Exercise inputs:
────────────────
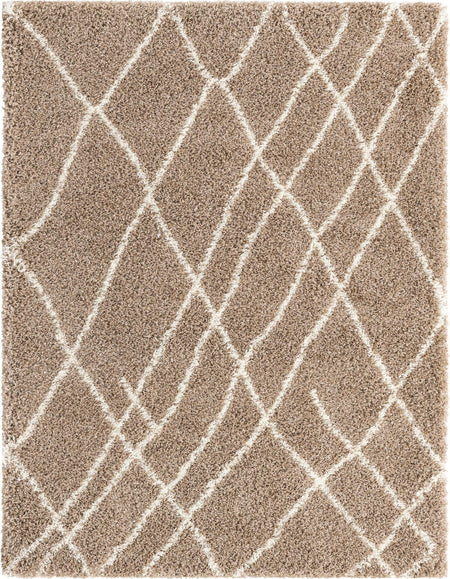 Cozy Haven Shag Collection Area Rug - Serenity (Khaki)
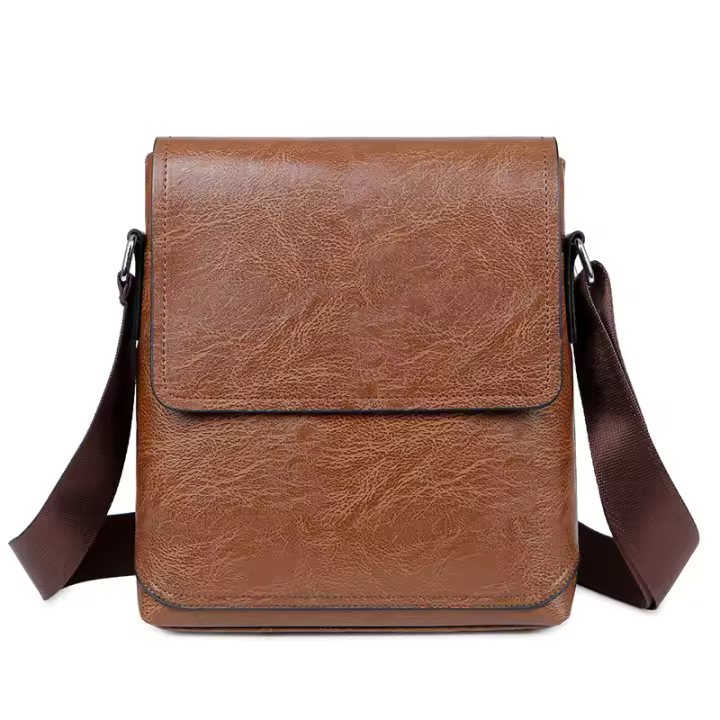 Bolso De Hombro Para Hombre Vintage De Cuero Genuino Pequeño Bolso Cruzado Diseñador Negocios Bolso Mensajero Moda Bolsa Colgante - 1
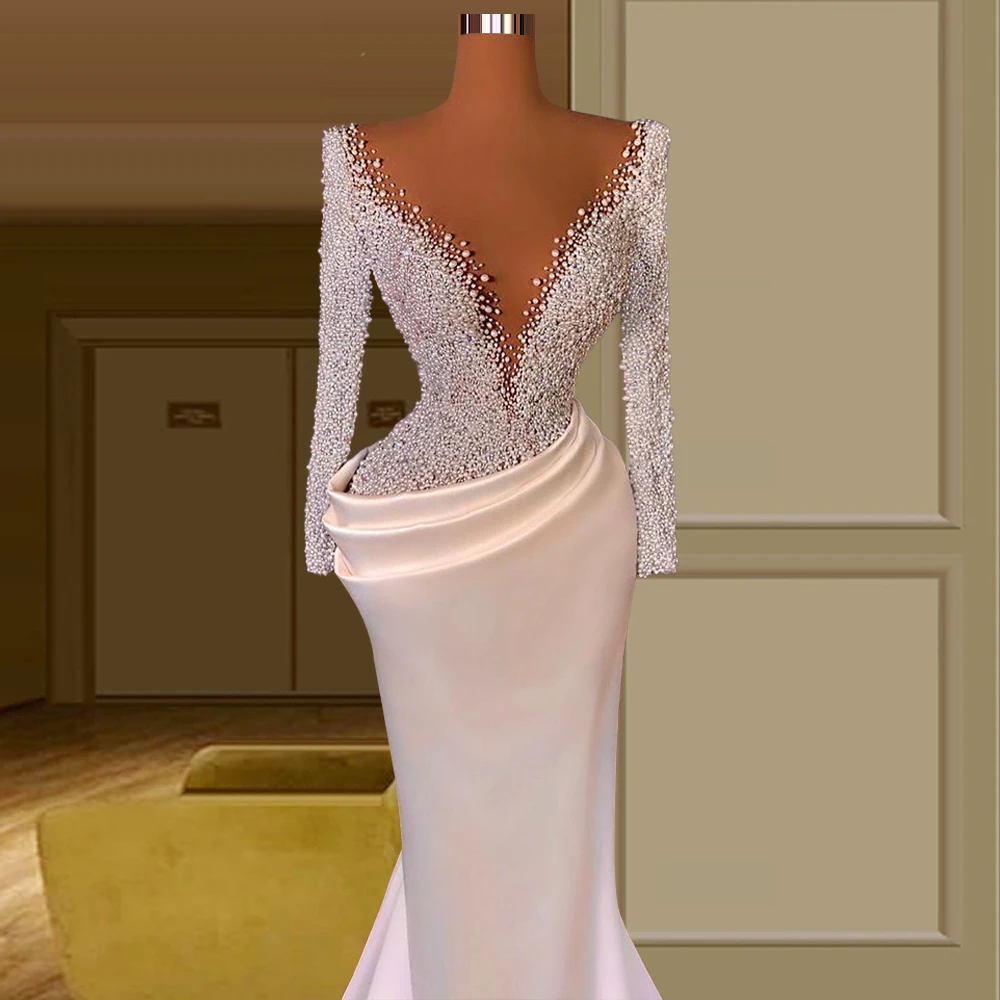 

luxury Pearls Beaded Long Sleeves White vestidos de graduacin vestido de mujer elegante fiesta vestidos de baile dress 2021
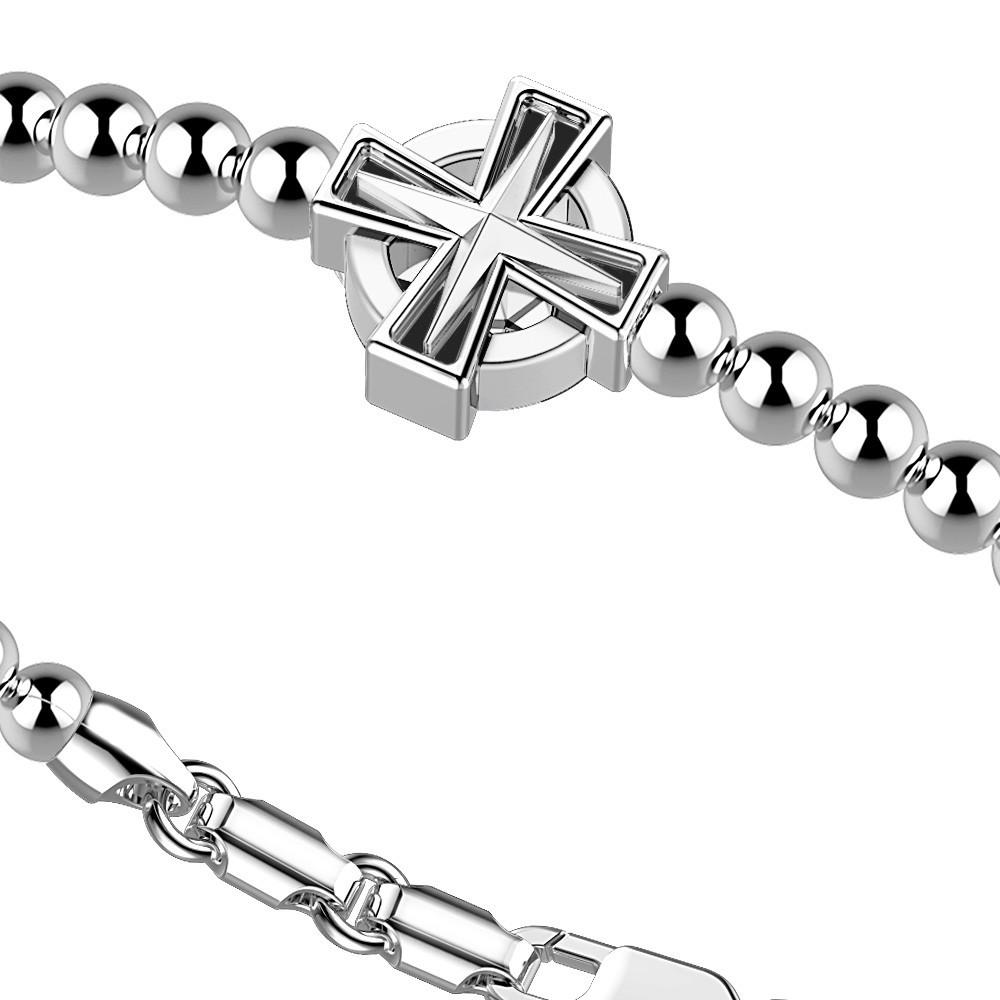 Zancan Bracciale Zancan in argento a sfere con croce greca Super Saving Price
────────────────
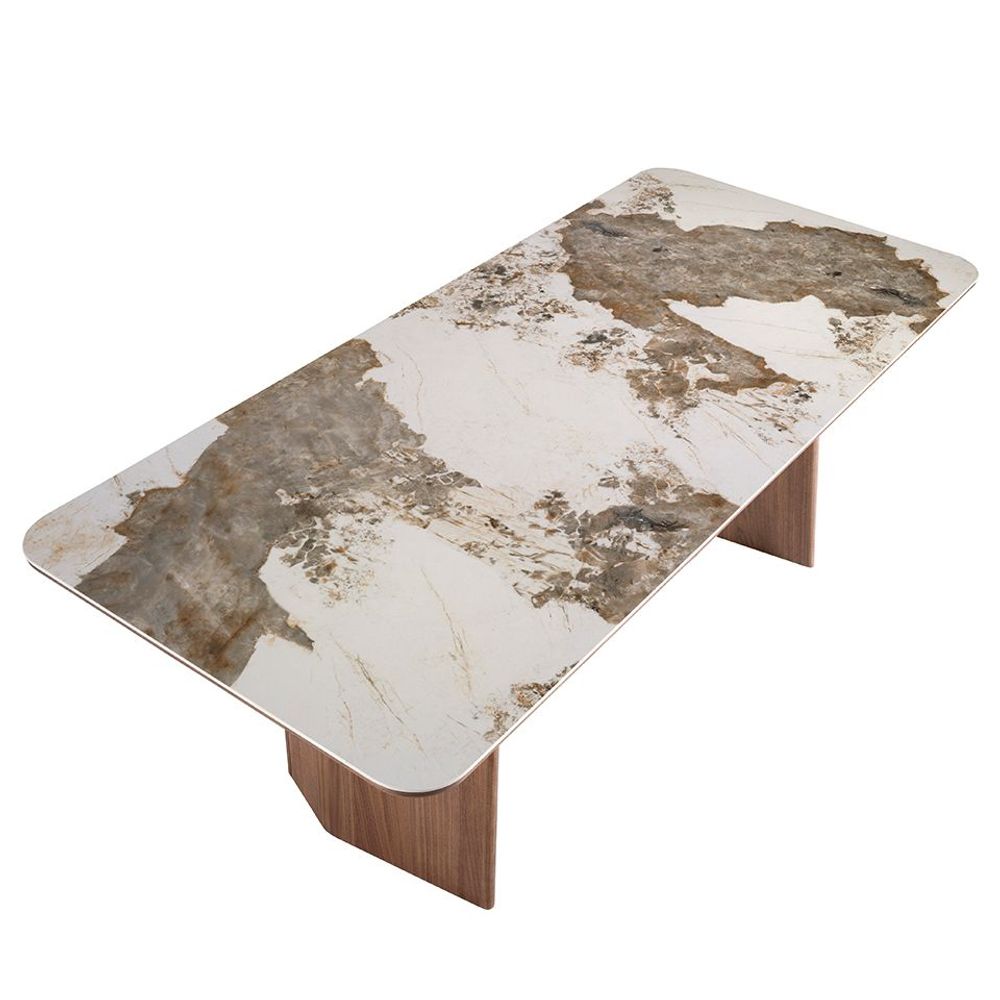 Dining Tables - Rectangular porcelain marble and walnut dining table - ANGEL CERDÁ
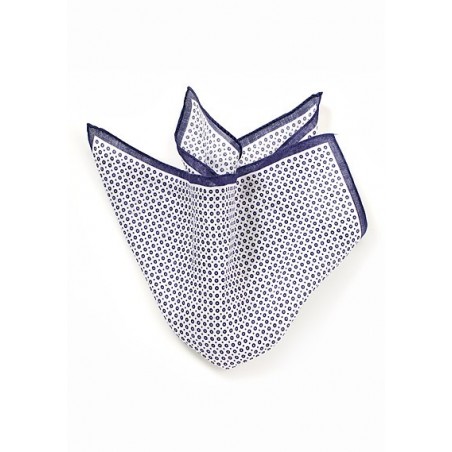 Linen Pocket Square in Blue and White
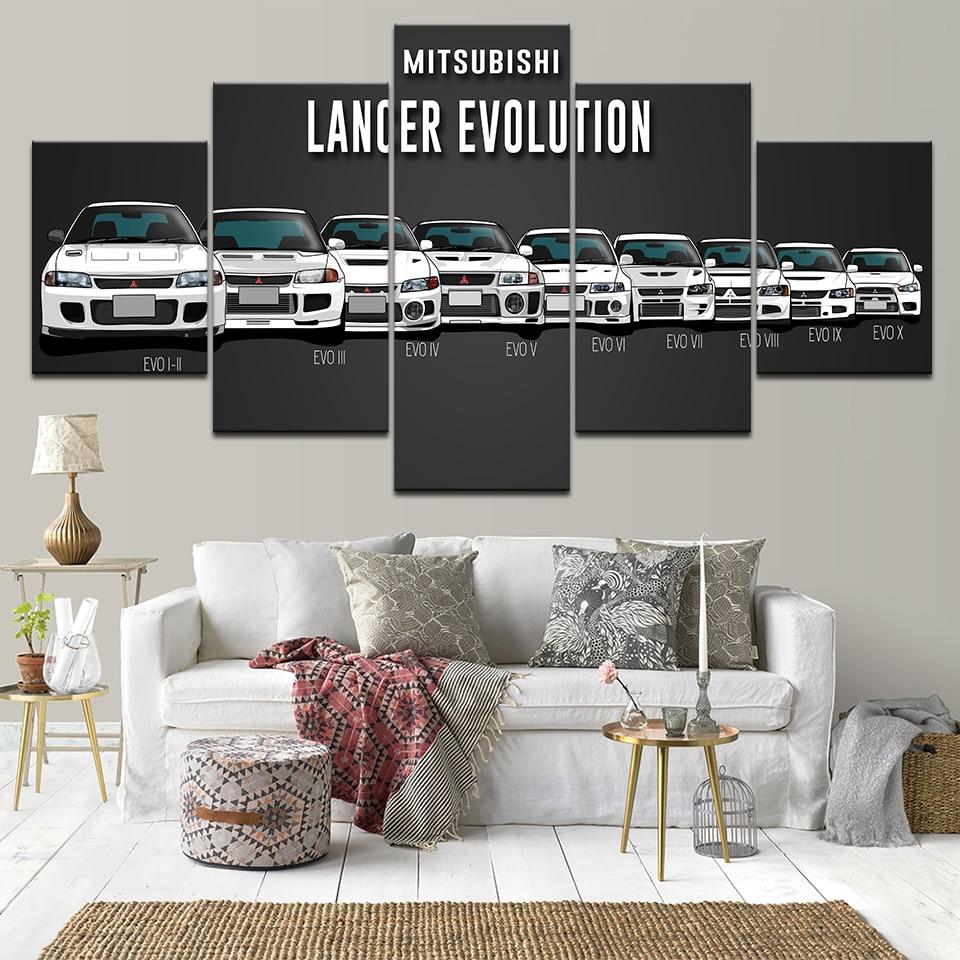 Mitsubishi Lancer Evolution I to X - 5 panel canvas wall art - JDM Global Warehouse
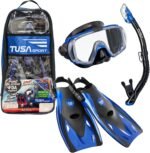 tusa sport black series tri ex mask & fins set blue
────────────────
In the entries above, find the line containing "Linen Pocket Square in Blue and White" and the line containing "tusa sport black"; give again exactly those two lines and every line between them, minus the pictures.

 Linen Pocket Square in Blue and White
 Mitsubishi Lancer Evolution I to X - 5 panel canvas wall art - JDM Global Warehouse
 tusa sport black series tri ex mask & fins set blue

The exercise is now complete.